Sir Roger Casement, it appears, landed in Ireland from a collapsible boat. And by a strange coincidence his arrival synchronised with the outbreak of a collapsible rebellion.

Hard soap can now be obtained in Germany only by those who purchase bread tickets. The soft variety cannot be obtained at all, the whole supply, it seems, having been commandeered by the Imperial Government for export to the United States.

£175 worth of radium was lost last week in Dundee. The ease with which bar radium can be melted down and remoulded in the form of cheap jewellery affords, according to the local police, a clear indication that this was the work of thieves.

A conscientious objector has stated that he had even given up fishing on humanitarian grounds. We fear that his fish stories may have caused some fatal attacks of apoplexy among his audiences.

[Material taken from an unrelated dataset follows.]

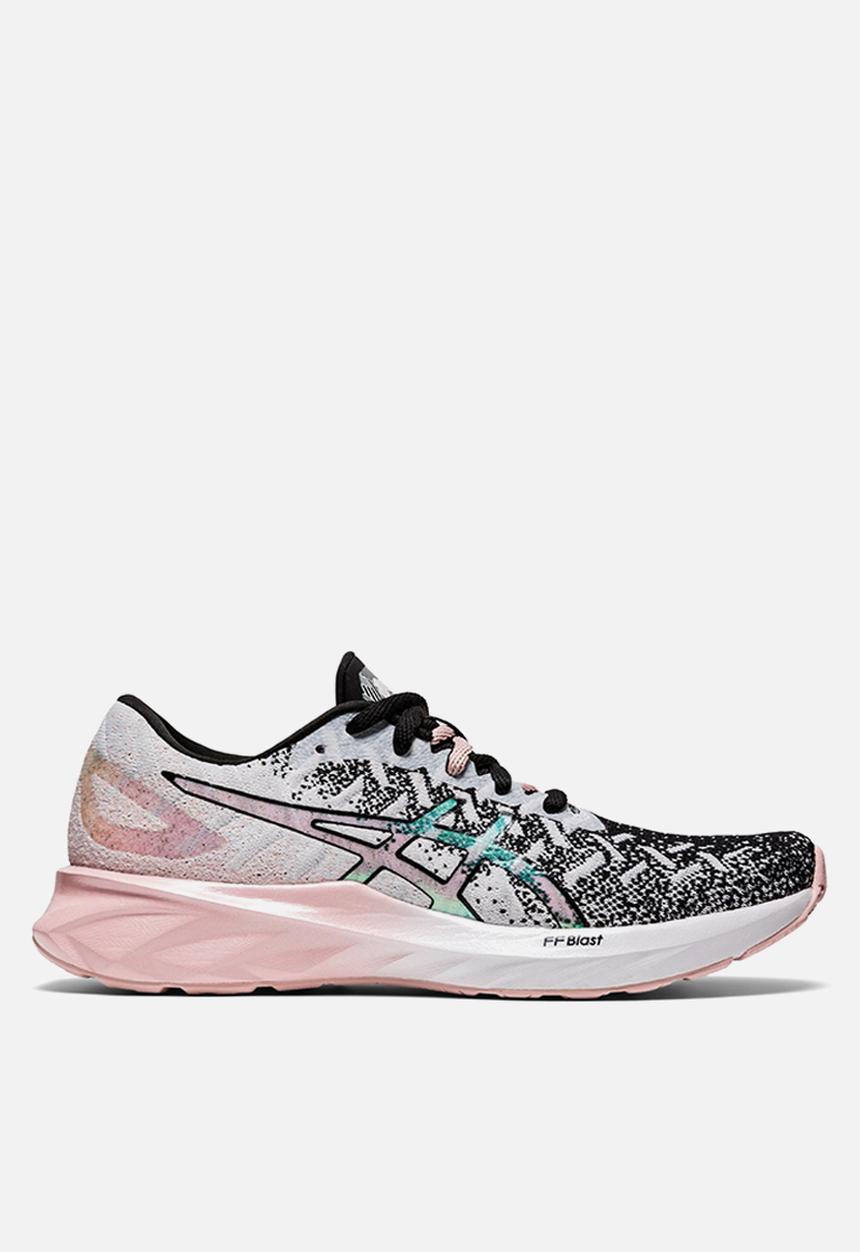 ASICS - Dynablast the new strong - white/ginger peach - new strong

According to Sir Thomas Barlow "the importation of bananas has had a far-reaching effect on the digestion of our children." Only last Monday week the importation of six bananas had just that kind of effect on the digestion of our own dear little Percy.

Portugal has decided to expel German sympathisers of whatever nationality. Other clubs please copy.

From the Eastern Counties comes news that in last week's Zeppelin raid twenty turnips were "completely destroyed." And so the grim work of starving England into submission goes relentlessly on.

"That boy there," said the Lord Mayor at the Mansion House, in addressing some children from an orphanage, "can easily become a Lord Mayor." Cases of this sort are really not hard to diagnose when you are familiar with the symptoms, and the Lord Mayor had, of course, noticed the hearty manner in which the lad was attacking his food.

The latest Shakspearean discovery announced by Sir Sidney Lee is that the Bard was a successful man of business; but the really nice people who have lately taken him up have resolved not to let the fact prejudice them against him after all these years.

"Absence of the Polecat from Ireland" is the title of a vigorous article in the current number of The Field. While agreeing in substance with the writer, we cannot refrain from commenting on this unexpected departure of a peculiarly moderate organ from its customary restraint in dealing with the political questions of the day.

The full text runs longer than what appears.